> [Task requirements]:
Please write out each entry below exactly as given.

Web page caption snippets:
==*==
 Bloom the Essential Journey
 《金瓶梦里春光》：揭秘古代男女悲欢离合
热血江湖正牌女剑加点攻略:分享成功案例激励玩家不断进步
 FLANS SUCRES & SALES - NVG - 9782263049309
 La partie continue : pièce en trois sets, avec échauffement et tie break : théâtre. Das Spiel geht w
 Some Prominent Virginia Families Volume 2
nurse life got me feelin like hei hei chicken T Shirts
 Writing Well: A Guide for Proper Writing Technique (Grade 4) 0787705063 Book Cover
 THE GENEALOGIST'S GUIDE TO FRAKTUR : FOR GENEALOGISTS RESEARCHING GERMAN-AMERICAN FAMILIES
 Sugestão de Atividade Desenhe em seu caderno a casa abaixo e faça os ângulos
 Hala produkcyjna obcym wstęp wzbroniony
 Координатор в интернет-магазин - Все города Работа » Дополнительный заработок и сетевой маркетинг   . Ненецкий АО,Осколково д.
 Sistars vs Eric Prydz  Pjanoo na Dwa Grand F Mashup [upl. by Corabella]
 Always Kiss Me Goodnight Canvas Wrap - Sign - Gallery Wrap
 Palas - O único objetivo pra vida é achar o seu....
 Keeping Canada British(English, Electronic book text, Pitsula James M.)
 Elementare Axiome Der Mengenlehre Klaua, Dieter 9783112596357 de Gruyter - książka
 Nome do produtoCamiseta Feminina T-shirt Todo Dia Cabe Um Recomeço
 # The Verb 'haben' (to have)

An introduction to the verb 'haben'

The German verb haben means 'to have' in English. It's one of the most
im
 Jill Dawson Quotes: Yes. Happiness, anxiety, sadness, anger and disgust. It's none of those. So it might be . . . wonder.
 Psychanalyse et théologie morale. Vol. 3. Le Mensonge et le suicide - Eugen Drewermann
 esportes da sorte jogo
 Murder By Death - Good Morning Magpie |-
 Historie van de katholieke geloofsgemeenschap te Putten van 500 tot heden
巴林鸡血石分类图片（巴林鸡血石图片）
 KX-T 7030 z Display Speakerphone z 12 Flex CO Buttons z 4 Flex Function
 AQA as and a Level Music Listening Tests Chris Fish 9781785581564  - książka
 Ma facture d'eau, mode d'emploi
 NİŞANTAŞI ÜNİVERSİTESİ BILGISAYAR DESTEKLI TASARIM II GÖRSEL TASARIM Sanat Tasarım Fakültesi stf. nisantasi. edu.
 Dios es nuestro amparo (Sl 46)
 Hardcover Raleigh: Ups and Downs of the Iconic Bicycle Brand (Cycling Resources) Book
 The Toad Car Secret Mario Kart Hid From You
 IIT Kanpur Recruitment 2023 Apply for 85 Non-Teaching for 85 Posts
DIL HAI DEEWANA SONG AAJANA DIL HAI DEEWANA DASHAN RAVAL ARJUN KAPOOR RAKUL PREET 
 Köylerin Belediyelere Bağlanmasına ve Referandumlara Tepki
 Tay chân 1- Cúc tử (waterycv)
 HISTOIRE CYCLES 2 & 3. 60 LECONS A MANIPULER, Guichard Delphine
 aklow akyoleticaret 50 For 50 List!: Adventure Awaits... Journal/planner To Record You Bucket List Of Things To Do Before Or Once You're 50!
==*==
> [Result for this exercise]:
 Bloom the Essential Journey
 《金瓶梦里春光》：揭秘古代男女悲欢离合
热血江湖正牌女剑加点攻略:分享成功案例激励玩家不断进步
 FLANS SUCRES & SALES - NVG - 9782263049309
 La partie continue : pièce en trois sets, avec échauffement et tie break : théâtre. Das Spiel geht w
 Some Prominent Virginia Families Volume 2
nurse life got me feelin like hei hei chicken T Shirts
 Writing Well: A Guide for Proper Writing Technique (Grade 4) 0787705063 Book Cover
 THE GENEALOGIST'S GUIDE TO FRAKTUR : FOR GENEALOGISTS RESEARCHING GERMAN-AMERICAN FAMILIES
 Sugestão de Atividade Desenhe em seu caderno a casa abaixo e faça os ângulos
 Hala produkcyjna obcym wstęp wzbroniony
 Координатор в интернет-магазин - Все города Работа » Дополнительный заработок и сетевой маркетинг   . Ненецкий АО,Осколково д.
 Sistars vs Eric Prydz  Pjanoo na Dwa Grand F Mashup [upl. by Corabella]
 Always Kiss Me Goodnight Canvas Wrap - Sign - Gallery Wrap
 Palas - O único objetivo pra vida é achar o seu....
 Keeping Canada British(English, Electronic book text, Pitsula James M.)
 Elementare Axiome Der Mengenlehre Klaua, Dieter 9783112596357 de Gruyter - książka
 Nome do produtoCamiseta Feminina T-shirt Todo Dia Cabe Um Recomeço
 # The Verb 'haben' (to have)

An introduction to the verb 'haben'

The German verb haben means 'to have' in English. It's one of the most
im
 Jill Dawson Quotes: Yes. Happiness, anxiety, sadness, anger and disgust. It's none of those. So it might be . . . wonder.
 Psychanalyse et théologie morale. Vol. 3. Le Mensonge et le suicide - Eugen Drewermann
 esportes da sorte jogo
 Murder By Death - Good Morning Magpie |-
 Historie van de katholieke geloofsgemeenschap te Putten van 500 tot heden
巴林鸡血石分类图片（巴林鸡血石图片）
 KX-T 7030 z Display Speakerphone z 12 Flex CO Buttons z 4 Flex Function
 AQA as and a Level Music Listening Tests Chris Fish 9781785581564  - książka
 Ma facture d'eau, mode d'emploi
 NİŞANTAŞI ÜNİVERSİTESİ BILGISAYAR DESTEKLI TASARIM II GÖRSEL TASARIM Sanat Tasarım Fakültesi stf. nisantasi. edu.
 Dios es nuestro amparo (Sl 46)
 Hardcover Raleigh: Ups and Downs of the Iconic Bicycle Brand (Cycling Resources) Book
 The Toad Car Secret Mario Kart Hid From You
 IIT Kanpur Recruitment 2023 Apply for 85 Non-Teaching for 85 Posts
DIL HAI DEEWANA SONG AAJANA DIL HAI DEEWANA DASHAN RAVAL ARJUN KAPOOR RAKUL PREET 
 Köylerin Belediyelere Bağlanmasına ve Referandumlara Tepki
 Tay chân 1- Cúc tử (waterycv)
 HISTOIRE CYCLES 2 & 3. 60 LECONS A MANIPULER, Guichard Delphine
 aklow akyoleticaret 50 For 50 List!: Adventure Awaits... Journal/planner To Record You Bucket List Of Things To Do Before Or Once You're 50!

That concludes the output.